■ INSTRUCTIONS FOR THE TASK ■
Once you find the line below that has "Snapshot of mikewulds", output it and every line after it exactly, stopping after the line that has "Thi công dự", with no pictures.

■ DATASET EXCERPTS ■
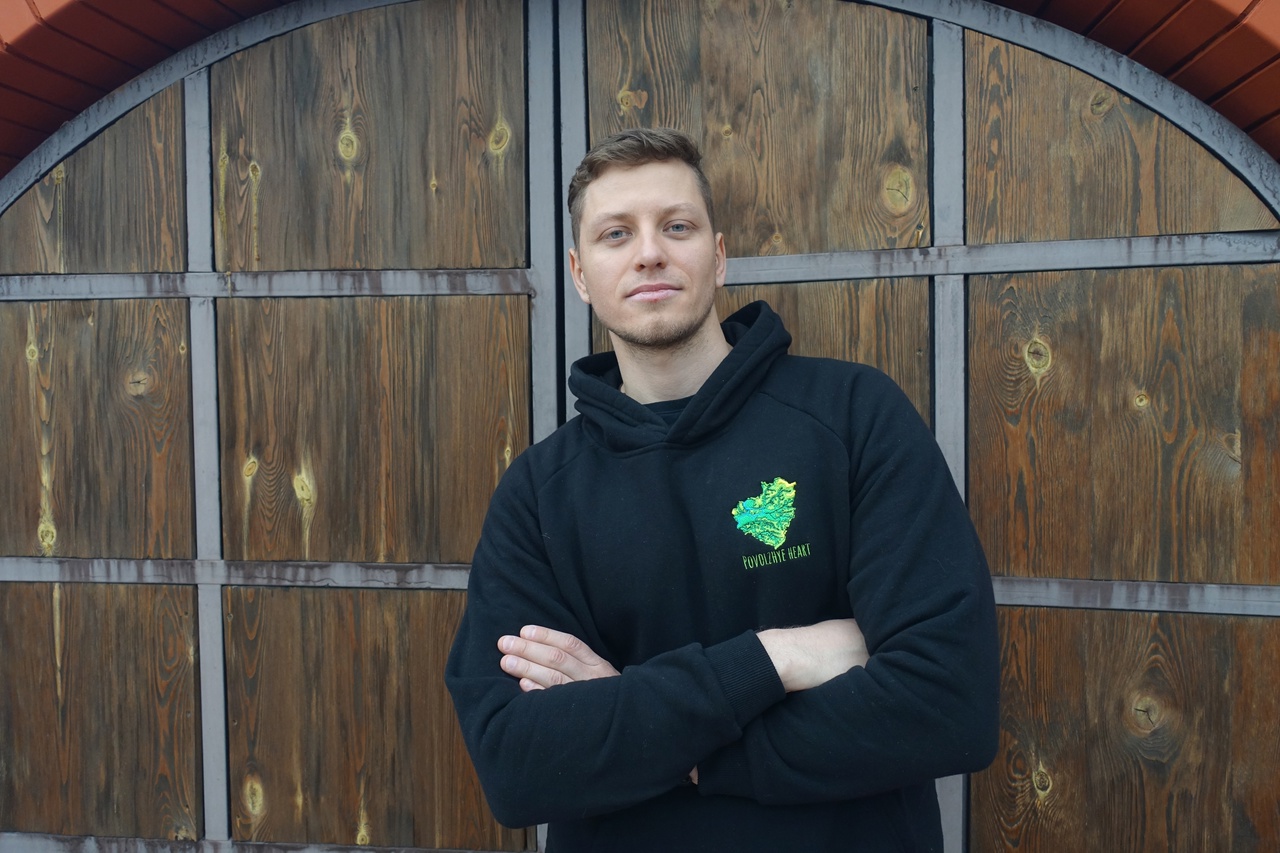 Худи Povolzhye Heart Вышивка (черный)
---
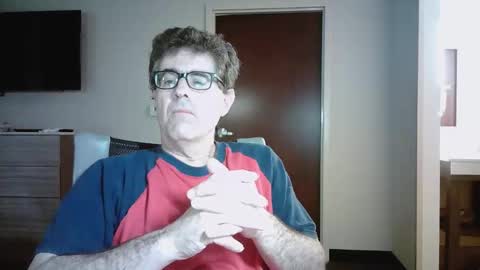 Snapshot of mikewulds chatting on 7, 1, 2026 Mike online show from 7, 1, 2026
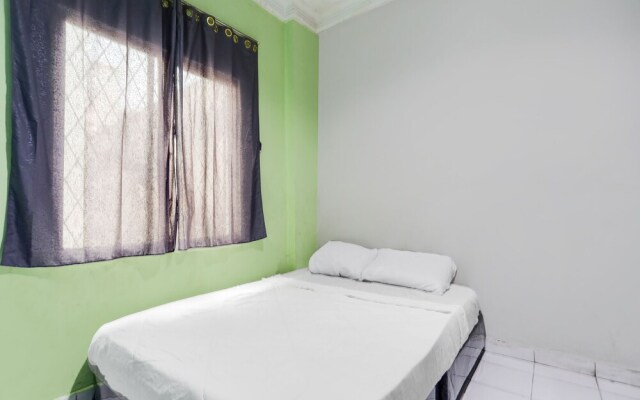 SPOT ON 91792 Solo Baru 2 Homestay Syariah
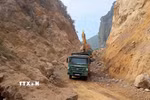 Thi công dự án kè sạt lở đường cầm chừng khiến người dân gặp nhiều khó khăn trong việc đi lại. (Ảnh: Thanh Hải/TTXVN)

■ EXERCISE SOLUTION ■
 Snapshot of mikewulds chatting on 7, 1, 2026 Mike online show from 7, 1, 2026
 SPOT ON 91792 Solo Baru 2 Homestay Syariah
 Thi công dự án kè sạt lở đường cầm chừng khiến người dân gặp nhiều khó khăn trong việc đi lại. (Ảnh: Thanh Hải/TTXVN)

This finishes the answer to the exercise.